No mention of danger of developer-related money-laundering or corruption in safety
There was no mention of how densities, height limits or heritage restrictions can be changed by developers or how some suburbs seem to remain immune from consolidation. Importantly developer-related corruption was ignored even though this has created many of the problems that have arisen including shoddy buildings, money laundering, and even buildings that are unsafe, a situation made worse by government policies of de regulation and privatization.

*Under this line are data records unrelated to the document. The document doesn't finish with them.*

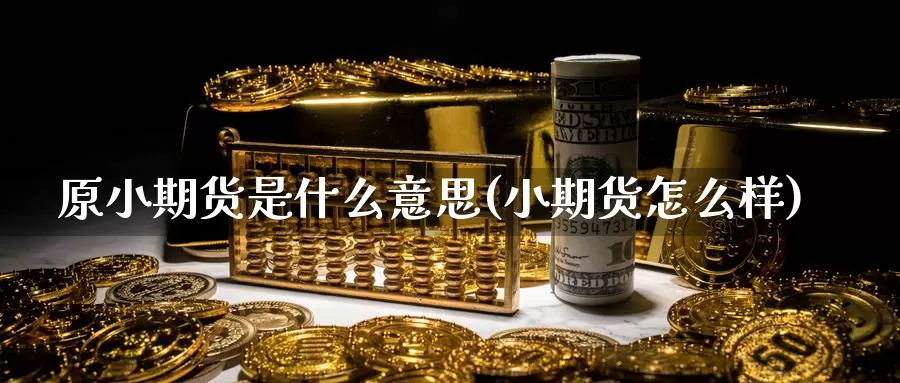 原小期货是什么意思(小期货怎么样)_https://www.jinshufanghu.com_纳指期货_第1张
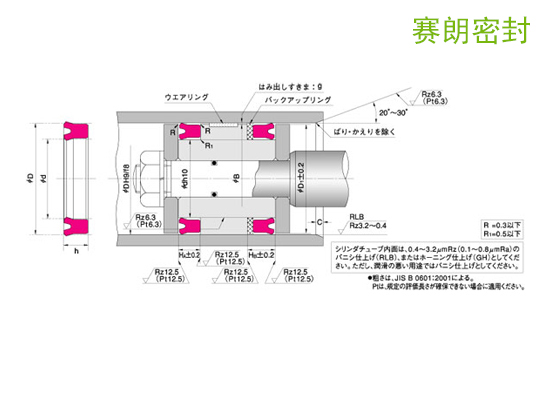 NOK-UPH型活塞/活塞杆密封_NOK密封件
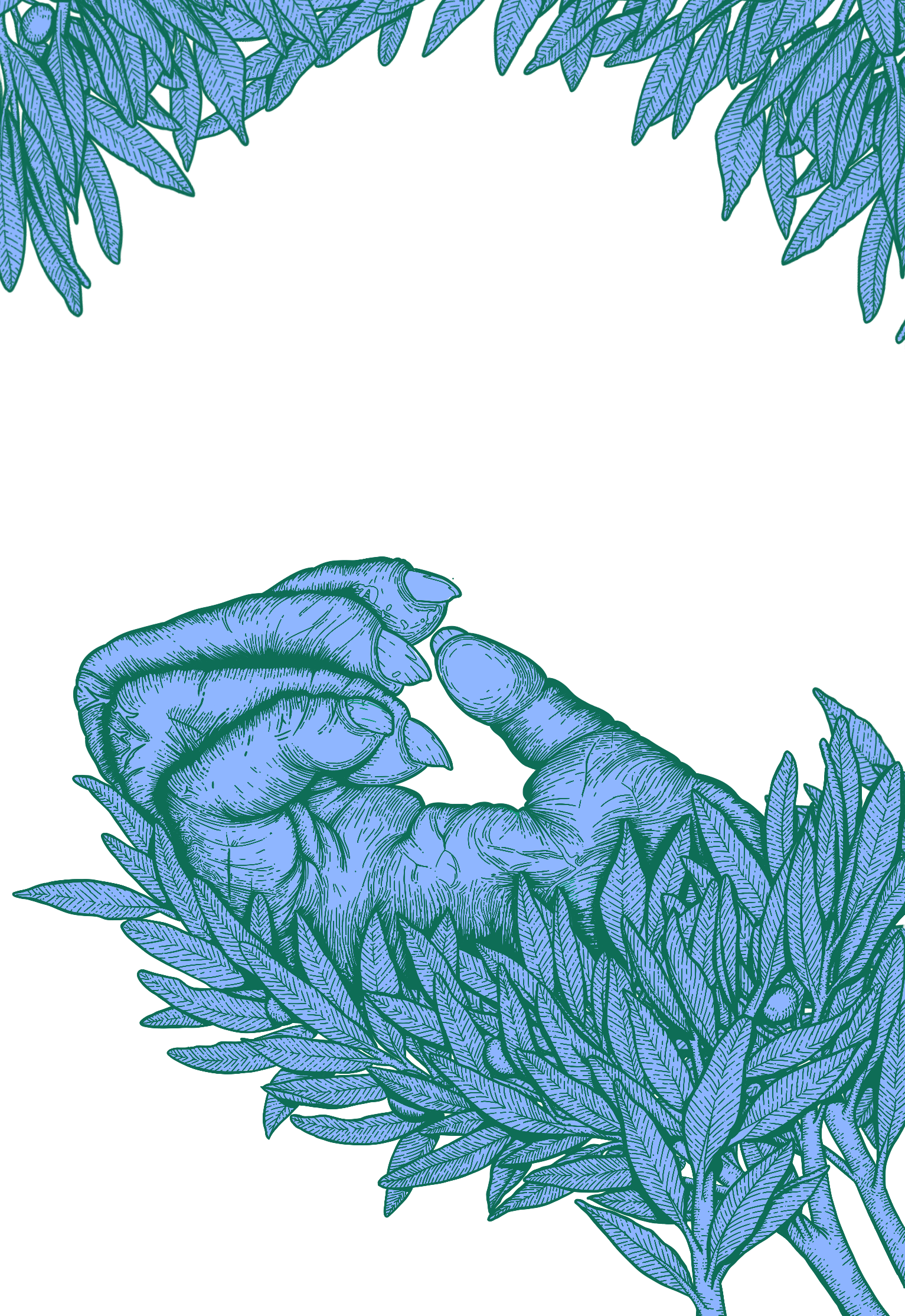 Book jacket illustration #1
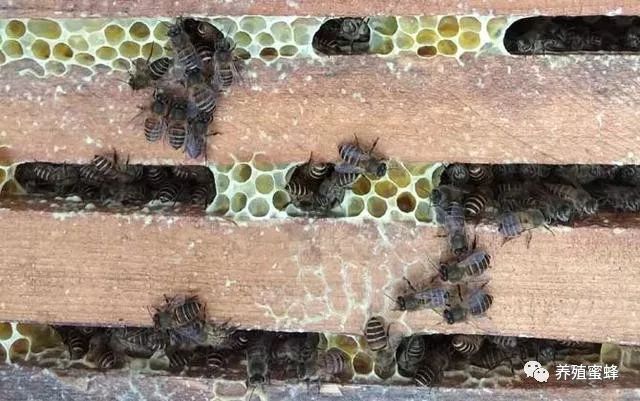 蜜蜂致富养殖视频_养殖蜜蜂致富_蜜蜂致富养殖方法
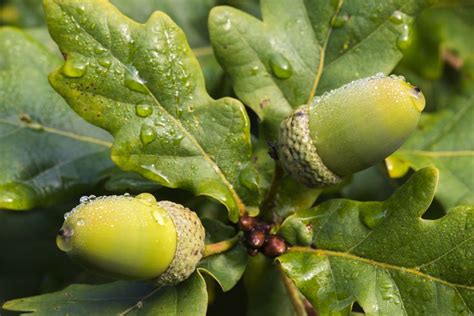 The Folklore and Magic of Acorns and Oaks | Oak tree, Acorn, Acorn and oak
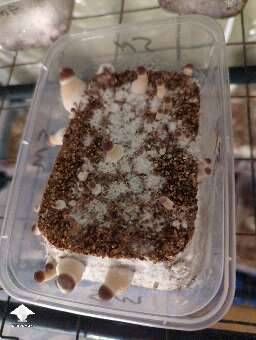 This mushroom cake is much happier upside down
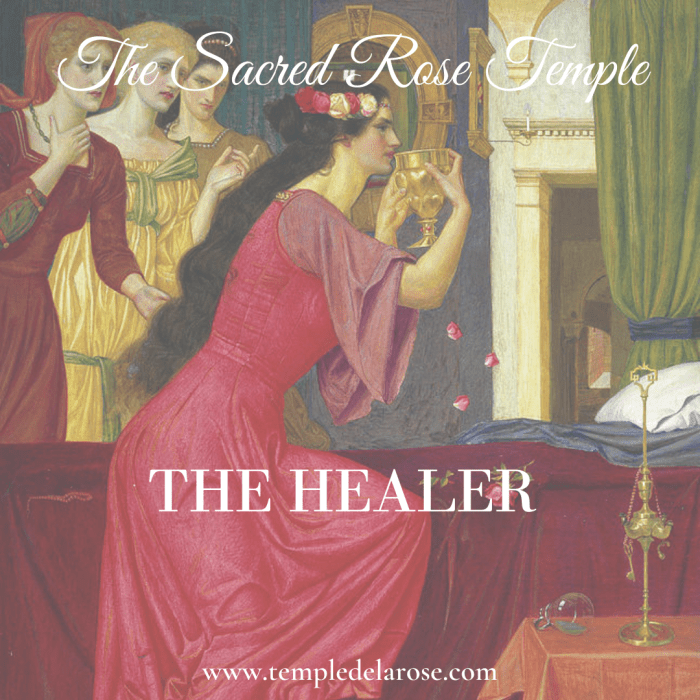 How one can Practice Your Healer Chapter 23 Healers Journey
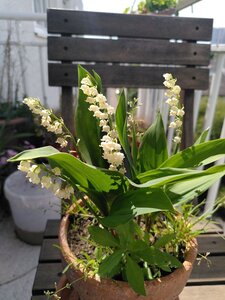 blog - Pérégrinations d'une masterante, blog05_muguet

Failure to consider heat-island climate impact
However the biggest flaw in this research paper must be its almost complete failure to consider the effects of climate change on cities even though they are already apparent. There was one mention of the Urban Heat effect which could see temperatures reach 50 degrees, enough to cause breakdowns in important facilities like power supplies , fires to become uncontrollable, and cities unlivable According to a UN report
The effects of urbanization and climate change are converging in dangerous ways. Cities are major contributors to climate change: although they cover less than 2 per cent of the earth’s surface, cities consume 78 per cent of the world’s energy and produce more than 60% of all carbon dioxide and significant amounts of other greenhouse gas emissions, mainly through energy generation, vehicles, industry, and biomass use. At the same time, cities and towns are heavily vulnerable to climate change. Hundreds of millions of people in urban areas across the world will be affected by rising sea levels, increased precipitation, inland floods, more frequent and stronger cyclones and storms, and periods of more extreme heat and cold. Source: “Climate chage – UN-Habitat, https://unhabitat.org/urban-themes/climate-change/
To combat climate change cities need to become more energy efficient and less dependent on external services like power, water, food, waste disposal and sewerage. Increasing density through high rise apartments does not do this. In fact, it increases reliance since they lack enough roof area to collect rain water or solar power for all residents. They often are impossible to design with flow-through' ventilation and thus become dependent on air-conditioning, while the exhaust from the condensers pushes hot air into the streets or other units.
The above comments were a quick analysis of the 128 page document and do not provide a complete picture. However considering the importance of the report there are enough flaws to suggest that it should not be accepted at its face value.